The last installment of review roundup can be found here. As always, each Review Roundup is guaranteed to contain at least one link to a review you will find highly educational, or your money back.

Comparative biogerontology:

A while back I attended a NAKFI meeting about aging. Along with a few others, I applied for (and got) a seed grant to use comparative zoology to study aging — in a nutshell, to study the various ways that nature has solved various problems that arise during aging, and see whether we might learn something that could be applied to enhancing human healthspan or lifespan.

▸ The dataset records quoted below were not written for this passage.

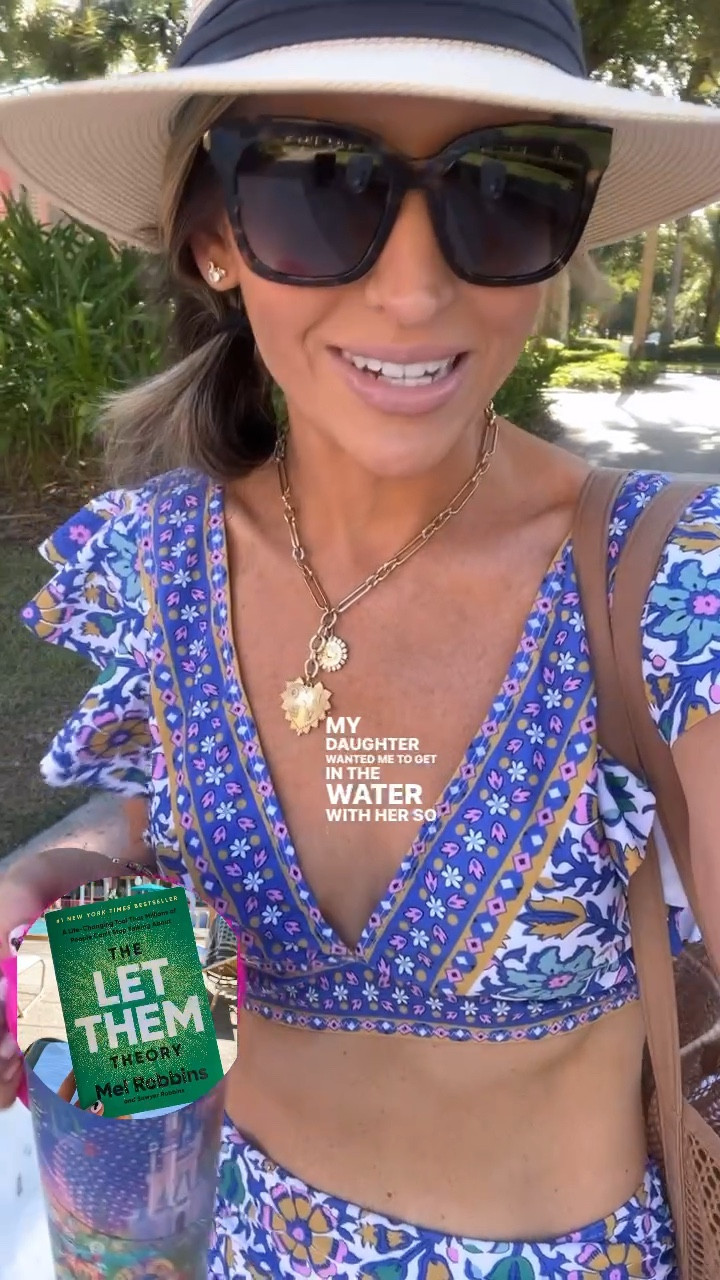 Love this high waisted two piece swimsuit! So flattering! Love it for vacation, resort wear or summertime! TTS, wearing small

#LTKStyleTip #LTKFindsUnder50 #LTKSwim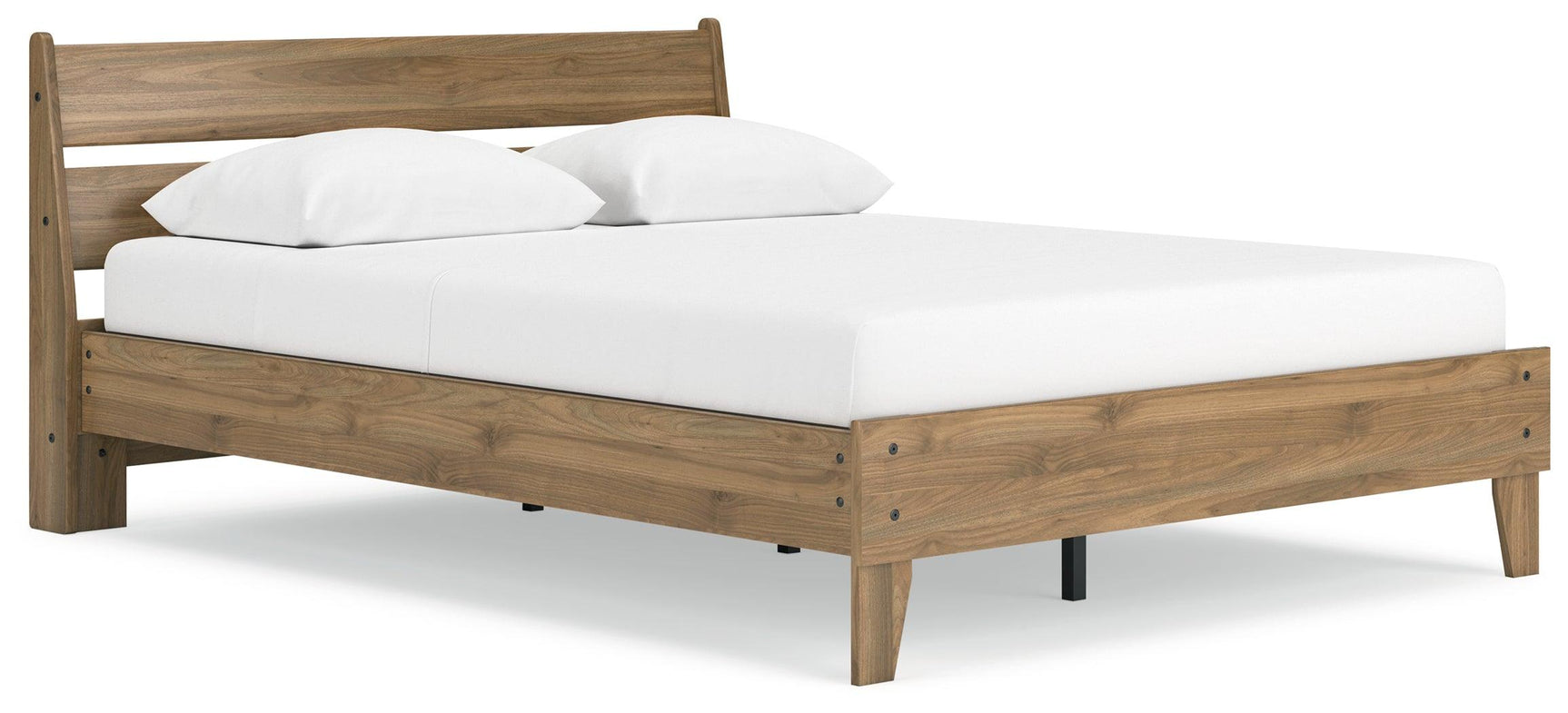 Side view of Deanlow Honey Queen Platform Panel Bed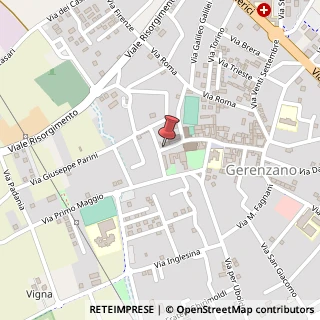 Mappa Piazza Alcide de Gasperi, 15, 21040 Gerenzano, Varese (Lombardia)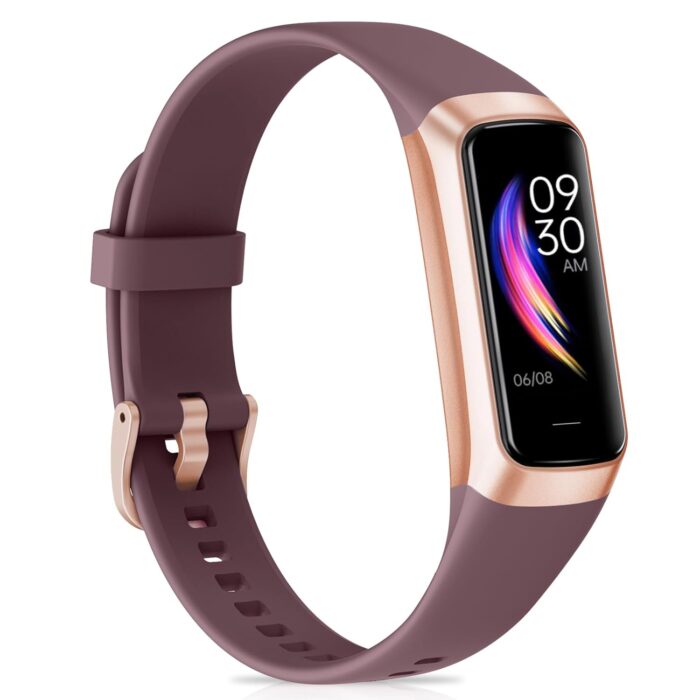 Fitness Tracker for Women with 24/7 Heart Rate, Blood Pressure, Calorie Tracking, Activity Tracker with 1.1" AMOLED Screen, Waterproof Step Tracker for Android iPhones Men Women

The initial small grant funded a series of meetings, culminating in a large-scale gathering of scientist with wide expertise not only in biogerontology but also zoology, evolutionary biology, metabolomics, and other disparate fields. While this conference didn’t end up leading to the creation a single comprehensive Comparative Biogerontology Initiative, as some of my fellow applicants had hoped, it did provoke a great deal of excellent discussion. There are a few smaller-scale efforts currently underway, initiated by people who came together to talk about the original idea.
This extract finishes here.